Last year's prospectus annoyed me because there's an undergraduate version (for me: I don't have a bachelor degree) plus a postgraduate version for those already in posession of a BA. The only difference so far as I could discern was that the postgraduate offered Chinese in the list of available "C" languages, whereas the undergraduate version didn't. Which really annoyed me, as I'd love to do Chinese. It's not that difficult, I never had trouble with tones when I learned holiday Thai some years ago, plus I have a good memory for characters. You might have noticed over time that I have a thing about foreign scripts. I think most of them look really funky.
Anyway I just checked and they've CHANGED THE PROSPECTUS so I could now do exactly what I wanted to: English-German/German-English Chinese-English (translation) + French (not to translate, just to speak it). I already have A levels in German and French.

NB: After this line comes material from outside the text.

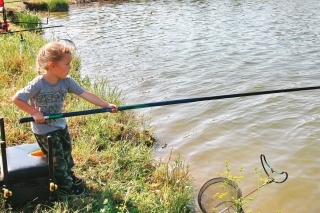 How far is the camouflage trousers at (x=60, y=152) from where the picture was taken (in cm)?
345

Also I just found out that those German ICE trains, due to depart London-Frankfurt within a couple of years would take me to within an hour of Mainz, which is where that course is... is this a sign?
If this course is so unsuitable, I don't understand why I keep coming back to it in my mind. I've not found one like it anywhere else.
As the saying goes WHERE THERE'S A WILL THERE'S A WAY. And you're supposed to keep your eyes on the goal, not the obstacles.
My legs are almost healed now. Valium Marilyn whose eyes are up the wall has STILL not seen a doctor. I told her to go to her own, who knows her, knows she hasn't got a "lazy eye" and will see straight away what's wrong, and probably know what it's likely to be.